I want to generate an empty array of a given length and the populate it with some numbers. One way to generate an array with four sequential numerical elements is :
var x = Array.apply(null, {length: 4}).map(function(item, index){return index;})
But when I saw Array.apply(null, {length: 4})
I thought I could instead replace it with new Array(4)
but that is not the case. Doing a quick test yields the following:
>> console.log((new Array(4)))
<< [ <4 empty items> ]
>> console.log(Array.apply(null, {length: 4}))

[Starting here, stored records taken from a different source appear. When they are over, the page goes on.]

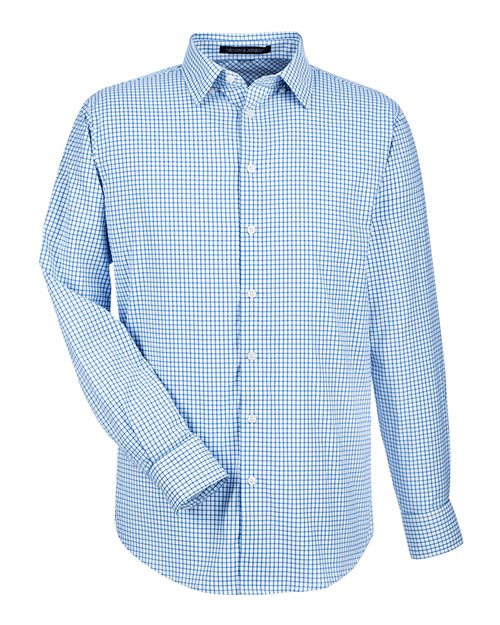 Men's CrownLux Performance® Micro Windowpane Woven Dress Shirt - 13381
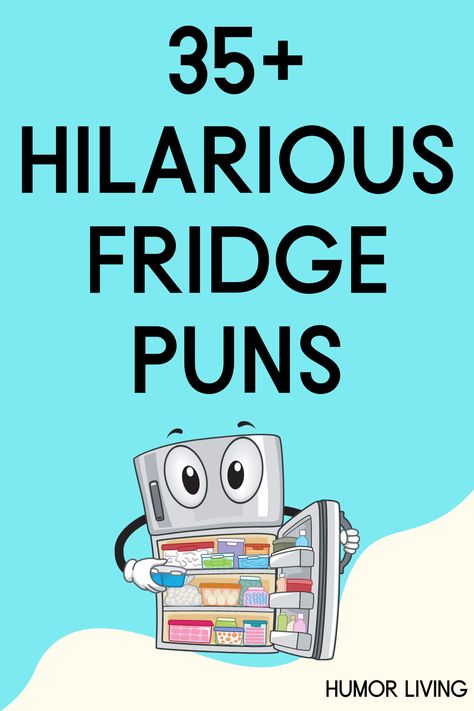 The refrigerator is an essential part of life. It keeps food cool and helps it stay fresh longer. Read the funniest fridge puns for a good laugh. Funny Food Puns Hilarious, Fridge Quotes, Pun Names, Sarcastic Work Humor, Funny Nicknames, Good Nicknames, Kid Jokes, Funny Food Puns, Funny Note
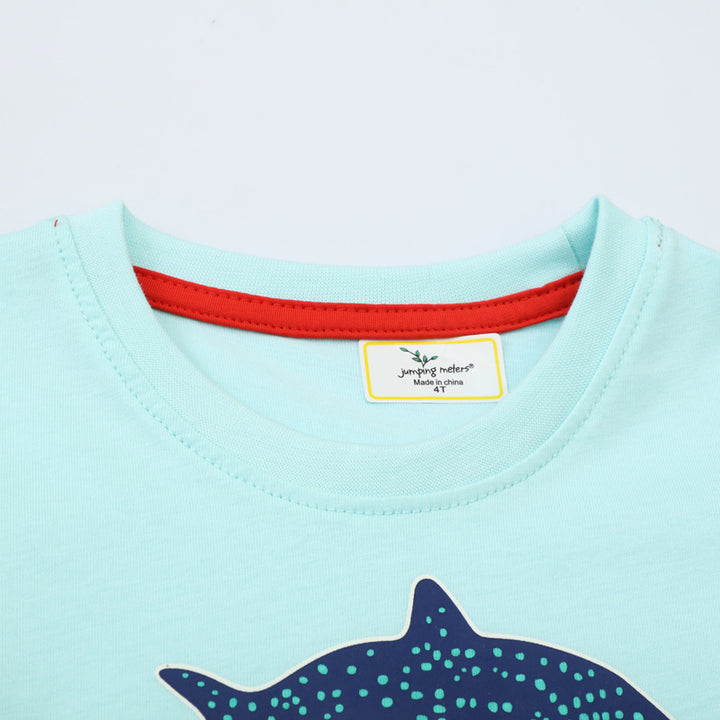 Children's T-Shirt with maritime shark designs Mune Fashion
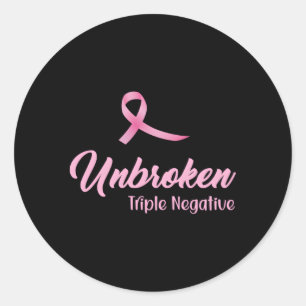 Borstkanker ongebroken triple negatief ronde sticker
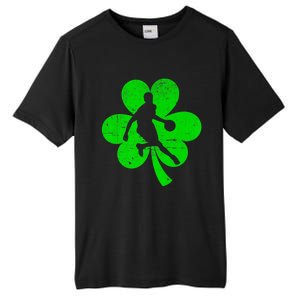 Basketball Sports St Patrick's Day Retro Shamrock Irish Gift Tall Fusion ChromaSoft Performance T-Shirt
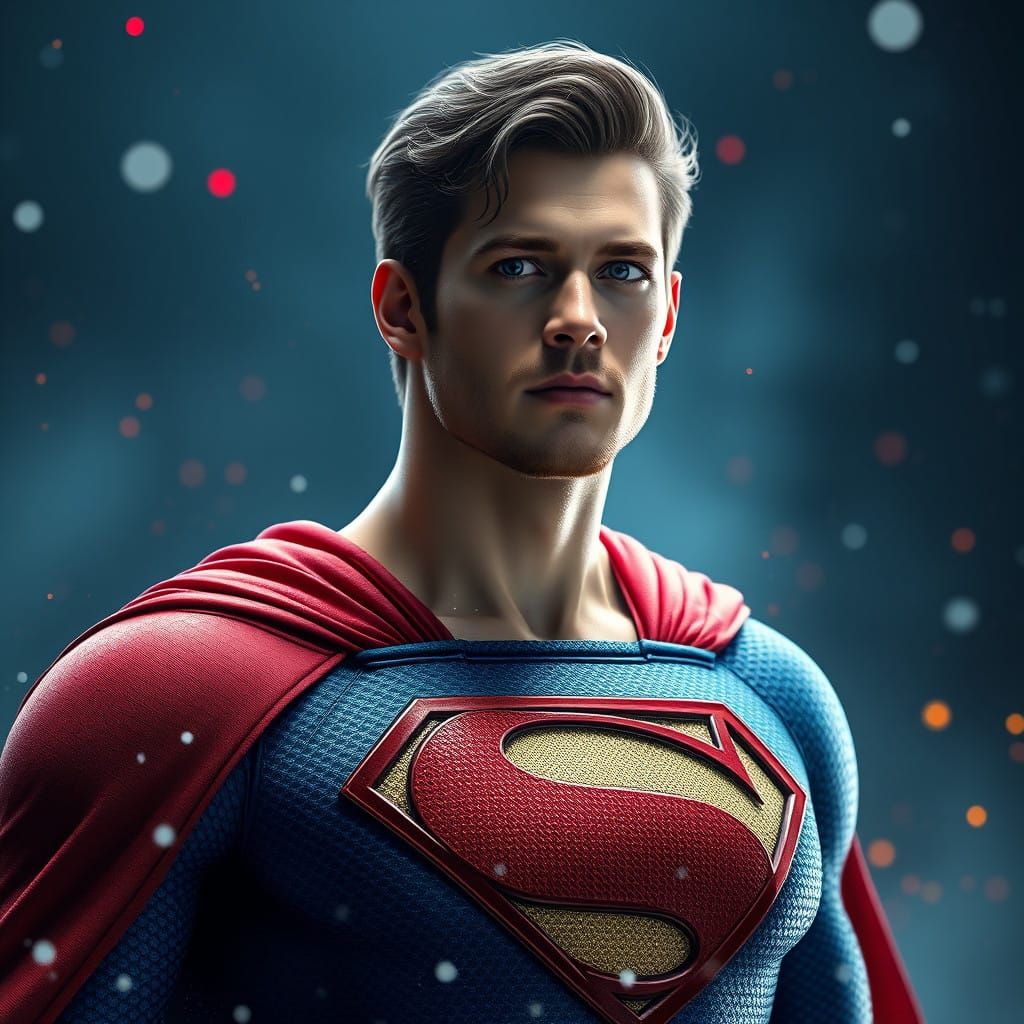 Kryptonian Hero in Vibrant Superman Costume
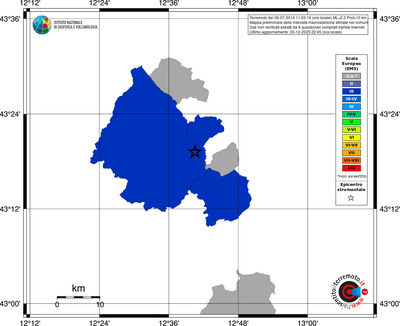 Mappa EMS - territori comuni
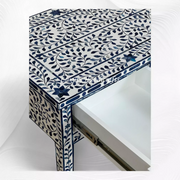 Blue Ella Colored Bone Inlay Console Table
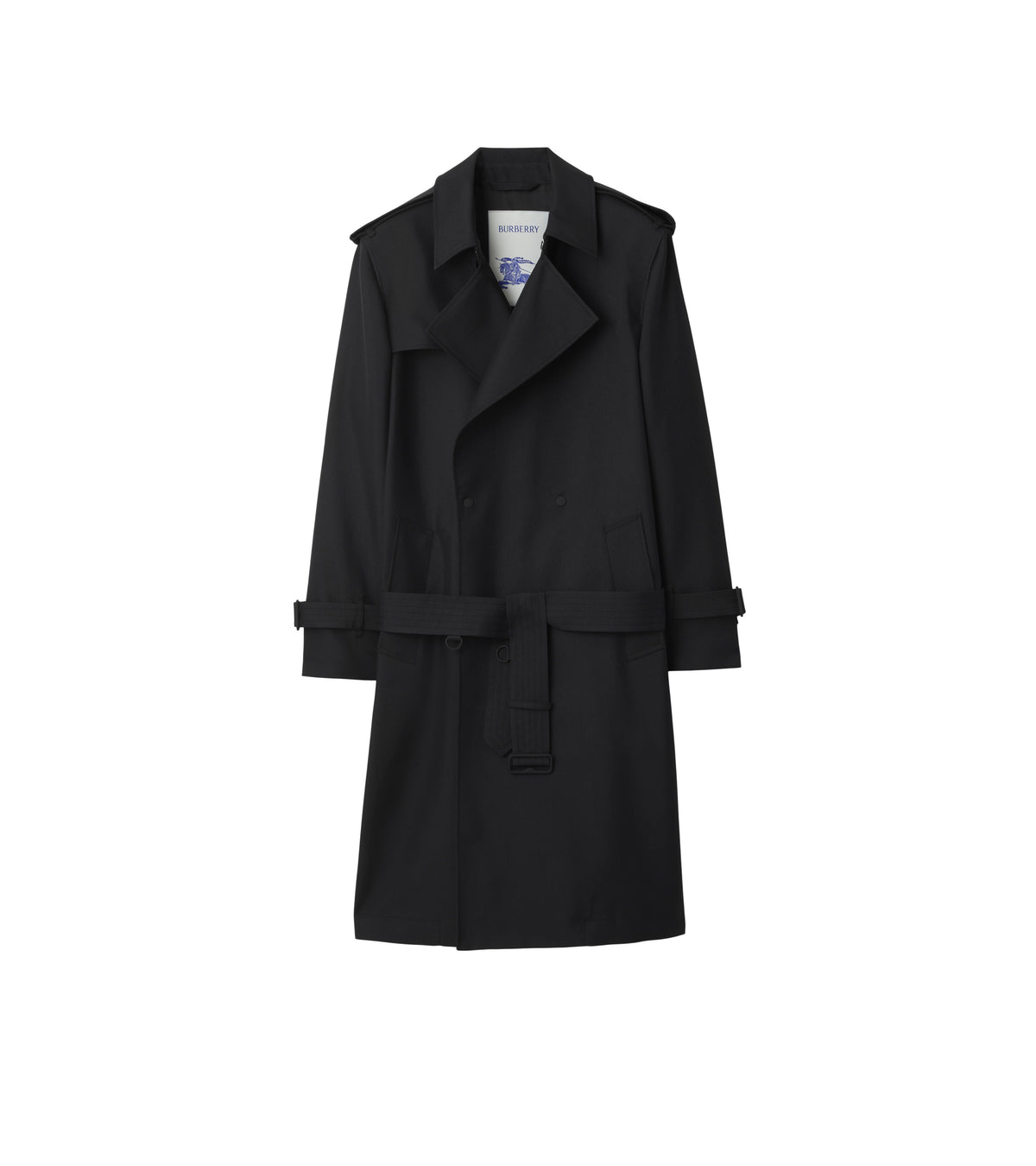 M D BREASTED COAT NOIR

<< [ undefined, undefined, undefined, undefined ]
Which means I can .map
the latter but not the former.
What is the difference then between new Array
and Array.apply(null, {})
which I thought were both creating an array object with given length?
apply
takes a context as the first parameter and an arraylike list of arguments as a second. Then it calls the function (Array
) with the iterable as arguments.
Array.apply(null, [1, 2])
// Same as
Array(1, 2)
// Or
[1, 2]
Now if you pass an object as an arraylike, it will still iterate it like this:
function apply(context, args) {
for(var i = 0; i < args.length; i++) {
/*...*/ args[i];
}
}
So if you pass { length: 4 }
it will iterate four times and take undefined
as an argument, so it results in something like:
Array.apply(null, { length: 4 })
// Same as
Array(undefined, undefined, undefined)
Therefore the arrays slots are not empty, but they are undefined, and as map
only skips empty slots it will go over every entry of the second array.
By the way, the same can be achieved a bit more readable:
Array.from({length: 4 }, (_, i) => i)
// [0, 1, 2, 3]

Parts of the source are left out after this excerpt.